Clinton demonstrably knew better than Peres did then of the perils of underestimating a ruthless and sharp opponent. She has, as she noted, “prepared to be president.” And she had plainly prepared rigorously for this debate — knowing that TV is home territory for Trump.
Neither candidate will have left the hall feeling defeated. But neither could credibly claim a decisive victory, either.
And yet
And yet, even though Trump was in his natural TV habitat but failed to land a definitive blow, even though Clinton seemed competent, confident and relatively assured, I rather think it’s the upstart candidate who can afford to feel happier after this first of three debates.
Here he was, the self-styled outsider, the ostensible anti-establishment candidate, the long-odds challenger who nobody gave a snowball’s chance in hell of winning the nomination, finally standing on equal terms with the veteran insider, swinging and jabbing, ducking and diving. On the split screen, simply because he’s taller, there was Clinton even looking up at him now and again — a dream shot.

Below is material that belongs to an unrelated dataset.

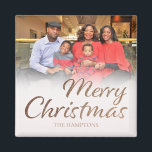 Merry Christmas Faux Gold Glitter FULL Photo Name Magnet<br><div class="desc">Brighten up your refrigerator door with this cute Merry Christmas magnet. Customise with your photo and name. The Merry Christmas is in a faux gold glitter and off white background. Check out our Christmas collection for more colours including silver glitter, red, white, and black & white options. In this version,...</div>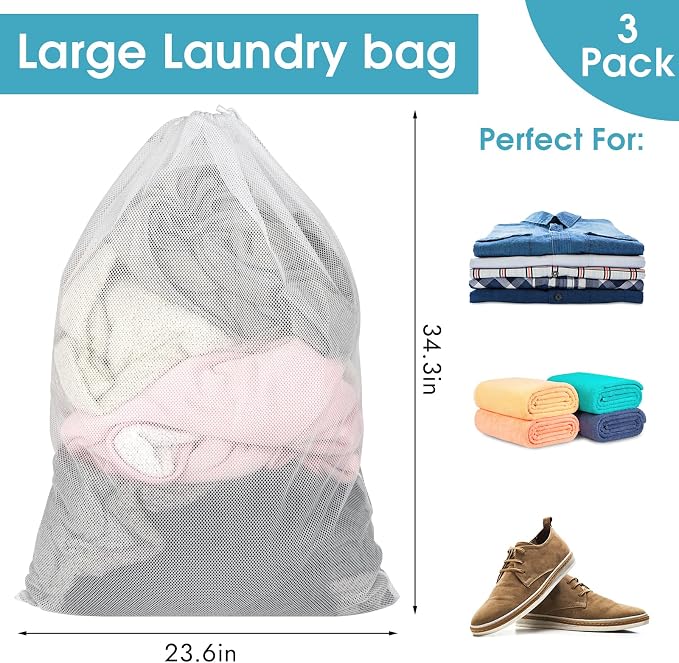 3 Pack Mesh Laundry Bags, 23 x 34 Inches Heavy Duty Mesh Laundry Bag, Large - Image 2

Did he appear hopelessly out of his league against this hugely experienced political leader? He did not. Did he give his likely voters a powerful reason to reconsider, to pull away? I don’t think so. And did he damage his prospects among the undecideds? I don’t think so either. His campaign has been littered with superficial policy proposals and some appalling and vicious rhetoric; he steered clear of those on Monday night.
Trump’s appeal stems, in part, from the fact that he’s brash, and contentious, and speaks from the gut. That appeal gets limited if he can also be shown to be irresponsible, intemperate, dangerous.
Did Hillary Clinton persuade Americans on Monday night that Donald Trump must not be trusted with the leadership and defense of their country? I don’t think she did. And she may have to, if she is to stop him from winning the presidency.